According to the Digital Universe study by IDC, global data volumes will grow from 4.4 zettabytes in 2013 to 44 zettabytes by 2020. That’s a staggering increase. Managing all of this new data represents several opportunities for businesses, but also significant challenges. After all, it’s not just the volume of data as much as the increasing variety of data sources and formats that presents a problem. With mobile apps, machine data, on-premises applications and SaaS all flourishing, we are witnessing the rise of an increasingly complicated information value-chain ecosystem. IT leaders need to incorporate a portfolio-based approach and combine cloud and on-premises deployment models to sustain competitive advantage. Improving the scale and flexibility of data integration across both environments to deliver a hybrid offering is vital to providing the right data to the right people at the right time.
The evolution of hybrid integration approaches creates requirements and opportunities for converging application and data integration. The definition of hybrid integration will continue to evolve, but the ‘direction of travel’ is clearly to the cloud.
Gartner is projecting dynamic growth in public cloud spending. According to the research firm, the worldwide public cloud services market is projected to grow 16.5 percent in 2016 to total $204 billion, up from $175 billion in 2015. The highest growth will come from cloud system infrastructure services (infrastructure as a service [IaaS]), which is projected to grow 38.4 percent in 2016.
The increasing focus on the cloud means that customers will need to have an effective hybrid integration strategy. At Talend, we have identified five phases of cloud data integration, starting with the oldest and most mature and going right through to the most bleeding edge and disruptive. Here, we provide a brief overview of each phase of that integration and highlight how businesses can optimize the approach as they move from one step to the next.

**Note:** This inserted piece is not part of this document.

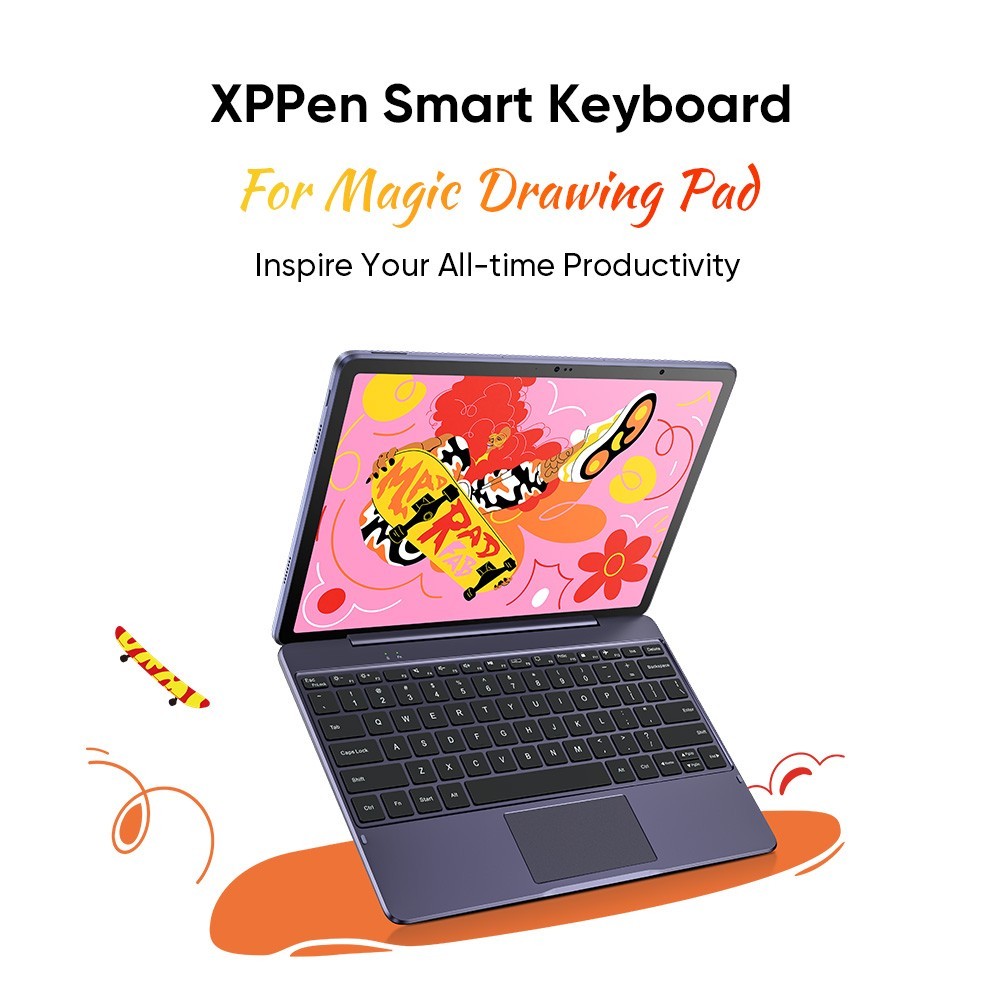 XPPen ACK08 Shortcut Keyboard Only For Magic Drawing Pad Android 14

Phase 1: Replicating SaaS Apps to On-Premise Databases
The first stage in developing a hybrid integration platform is to replicate SaaS applications to on-premises databases. Companies in this developmental phase typically either need analytics on some of the business-critical information contained in their SaaS apps, or they are sending SaaS data to a staging database so that it can be picked up by other on-premises apps.

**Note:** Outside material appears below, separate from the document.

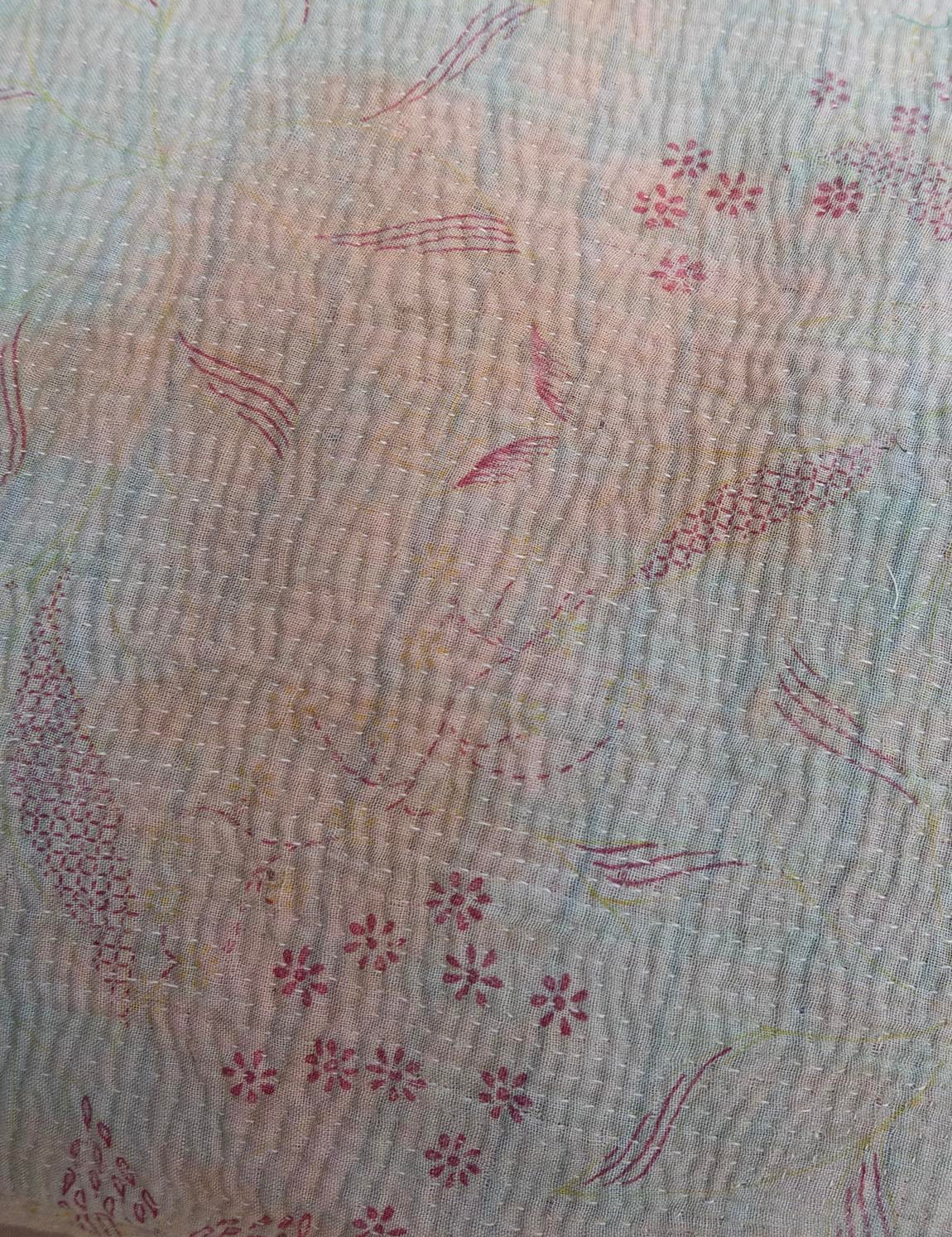 Indian kantha cushion S - 792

So as to increase the scalability of existing infrastructure, it’s best to move to a cloud-based data warehouse service within AWS, Azure, or Google Cloud. The scalability of these cloud-based services means businesses don’t need to spend cycles refining and tuning the databases. Additionally, they get all the benefits of utility-based pricing. However, with the broad range of SaaS apps today generating even more data, they may also need to adopt a cloud analytics solution as part of their hybrid integration strategy.
Phase 2: Integrating SaaS Apps with on-premises apps
Each line of business has their preferred SaaS app of choice: Sales departments have Salesforce, marketing has Marketo, HR Workday, and Finance NetSuite. However, these SaaS apps still need to connect to a back-office ERP on-premises system.
Due to the complexity of back-office systems, there isn’t yet a widespread SaaS solution that can serve as a replacement for ERP systems such as SAP R/3 and Oracle EBS. Businesses should not try to integrate with every single object and table in these back-office systems – but rather look to accomplish a few use cases really well so that their business can continue running, while benefiting from the agility of cloud.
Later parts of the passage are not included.